Theoretically, SI methods are more effective than the Independent Culling (Hazel and Lush 1942), and this has been confirmed based on our results, other authors working with simulated experiments (Batista et al. 2021), and empirical data (Elgin et al. 1970). In literature, it has been described that the Pešek and Baker index, when defined in terms of the genetic covariances among traits and the desired gain based on genetic standard deviations, outperformed other methods. It was not the case in the present study but was in others such as the Smith-Hazel selecting energy cane clones with good fiber, sucrose, and cane yield in tons per hectare (de Azeredo et al. 2017) or the independent Culling for protein content among families with above-average oil concentration levels (Openshaw and Hadley 1984). The lack of consistency in the PB across different studies is probably due to defining the desired genetic gains and matching them with the genetic variability available in the population and the constraints generated by the genetic correlations among the target traits. Therefore, more stable methods such as SH are prone to provide better genetic gains (total and balanced) in a wide range of scenarios.

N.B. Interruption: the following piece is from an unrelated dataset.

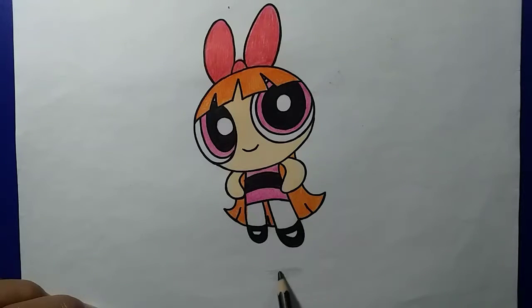Sebenarnya program ini adalah kelanjutan dari program sebelumnya, yaitu menggambar karakter Blossom di film seri Powerpuff Girl. Kalau mau mengikuti video sebelumnya dari proses sketsa sampai selesai, langsung saja di channel Susilo Drawing, lalu pilih playlist menggambar Powerpuff Girl. Sahabat bisa menemukan dan mengikuti proses menggambar dari awal hingga selesai.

The main reason is that it maximizes the genetic gains for all traits, balancing the weight of each trait by their heritability (Smith 1936; Hazel 1943), which is closely related to the accuracy and the genetic variability available for selection.
Finally, it is possible to conclude that SI is a key factor in the multi-trait response to selection in long-term breeding programs. Among the options, our results showed that the traditional Smith and Hazel approach outperformed other methods for the total and balanced response to selection for important traits in a tropical corn haploid inducer breeding population.